Terbukti beberapa simpang area jalan di wilayah Jakarta disulap dengan diadakannya jalur khusus sepeda, seperti kawasan Thamrin, Jl. Medan Merdeka Selatan, kawasan Cikini, Jl. Pangeran Diponegoro s.d Jl. Imam Bonjol, dan lain-lain sebagainya.
Alhasil kini para pengguna kendaraan bermotor di kawasan itu pun harus rela mau berbagi dengan para pengguna transportasi sepeda.Â
Apabila pengguna kendaraan bermotor melanggar, semisal memarkir kendaraan maupun memasuki jalur sepeda maka sanksi hukum atau denda yang dikenakan tak main-main. Mulai dari sanksi penderekan kendaraan, tilang, denda maksimum Rp.500 ribu, hingga kurungan selama 2 bulan lamanya.
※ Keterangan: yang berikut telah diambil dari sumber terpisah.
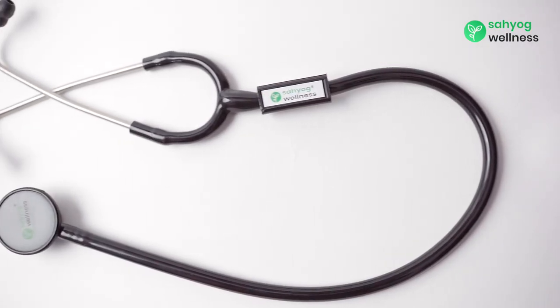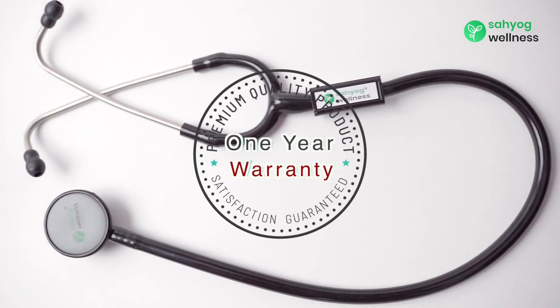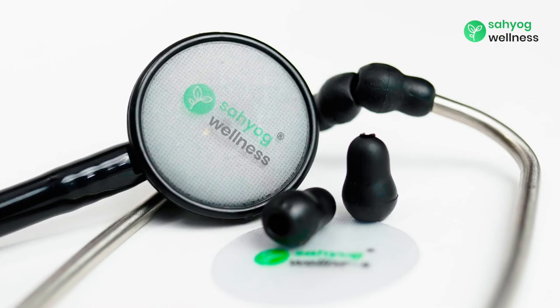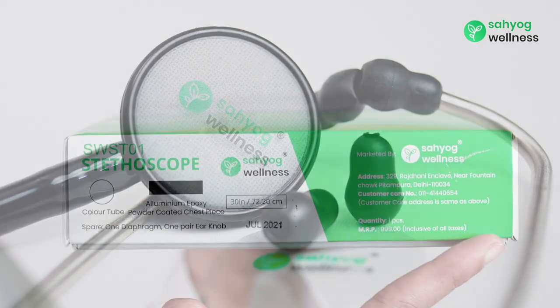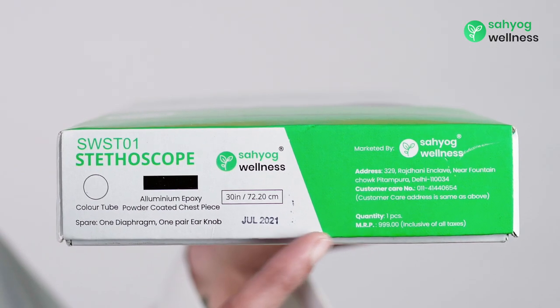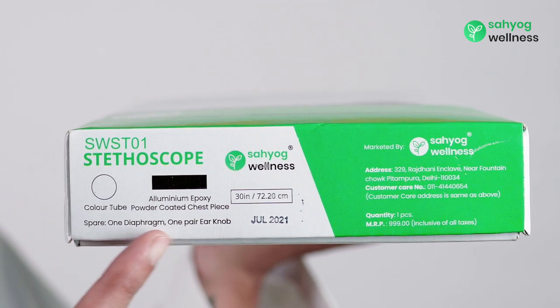The Sehyog Wellness Stethoscope is 15 inches long. It comes with a one-year warranty and two sets of earpieces with two diaphragm covers. Kindly go through the description given on the box in case of any query or concern.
Apa yang Pemprov DKI Jakarta lakukan dengan diadakannya jalur khusus pengguna sepeda sejatinya patut diapresiasi, namun hal tersebut terlaksana bukan tanpa cela.
Ada beberapa pokok materi yang ingin Penulis bawakan, bahwasanya ibu kota Jakarta sebenarnya tidak ramah terhadap pengguna sepeda.
Hal yang pertama bahwa pengadaan jalur sepeda di Jakarta bisa dikatakan tanpa rujukan data yang pasti.Â
Kenapa Penulis bisa katakan demikian, pada hakikatnya dibuatnya jalur khusus sepeda lekat kepada unsur "dipaksakan" karena dibangun tidak melihat bagaimana kondisi real di ibu kota.
Kita ketahui bagaimana sumpeknya Jakarta dengan hiruk pikuk kendaraan bermotor setiap harinya dan aktivitas di Jakarta hampir tidak ada matinya, 24/7 nonstop.
Kendaraan bermotor lalu lalang baik di dalam maupun luar yang menuju Jakarta, maka tak mengherankan timbul simpul-simpul kemacetan di Jakarta dimana didukung pula beragam "faktor x" lainnya.